[Given information]

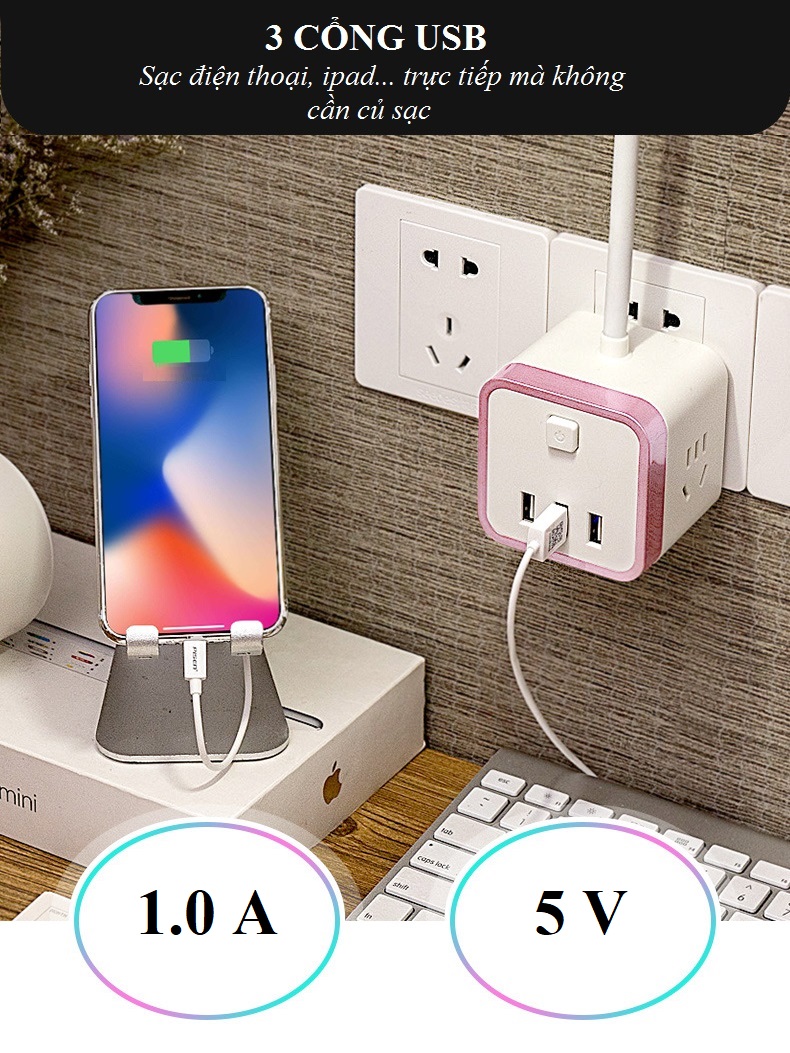 Ổ cắm đa năng hình khối Rubik Tích Hợp Đèn Ngủ Và Ổ Cắm USB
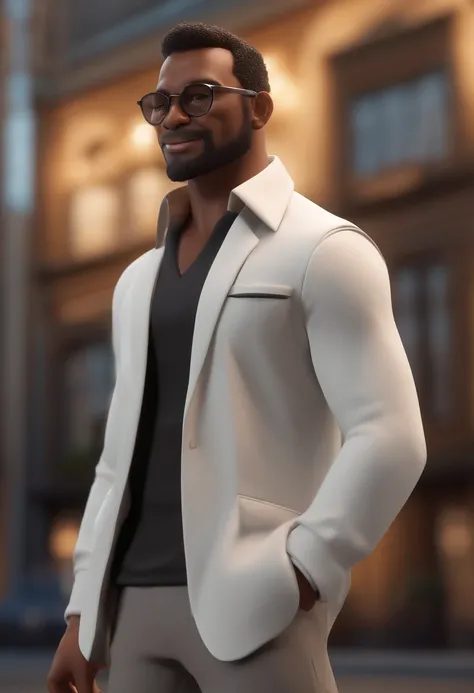 personagem dos desenhos animados de um homem com topete e barba, cabelos pretos, with black glasses and a white shirt, with light gray jacket and pants and white sneakers, em um palco, animation character, Caractere estilizado, animation style rendering, 3...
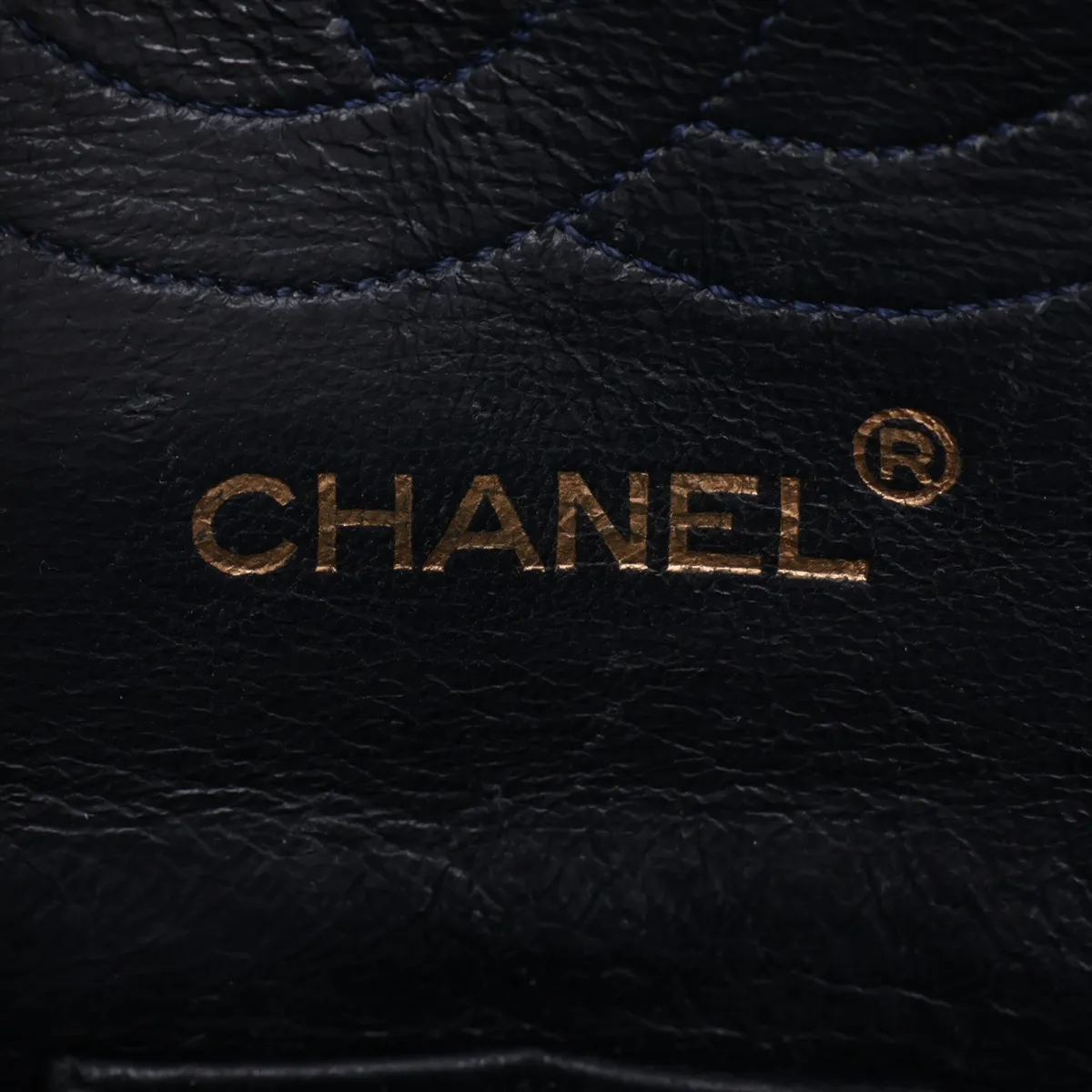 Matelassé Lambskin Double Flap Double Chain Bag, Navy, Gold Hardware, 0499903 (Serial Number 0) — view 12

[What to do] Give the data above again in full and unchanged, skipping the pictures.

[The answer]
 Ổ cắm đa năng hình khối Rubik Tích Hợp Đèn Ngủ Và Ổ Cắm USB
 personagem dos desenhos animados de um homem com topete e barba, cabelos pretos, with black glasses and a white shirt, with light gray jacket and pants and white sneakers, em um palco, animation character, Caractere estilizado, animation style rendering, 3...
 Matelassé Lambskin Double Flap Double Chain Bag, Navy, Gold Hardware, 0499903 (Serial Number 0) — view 12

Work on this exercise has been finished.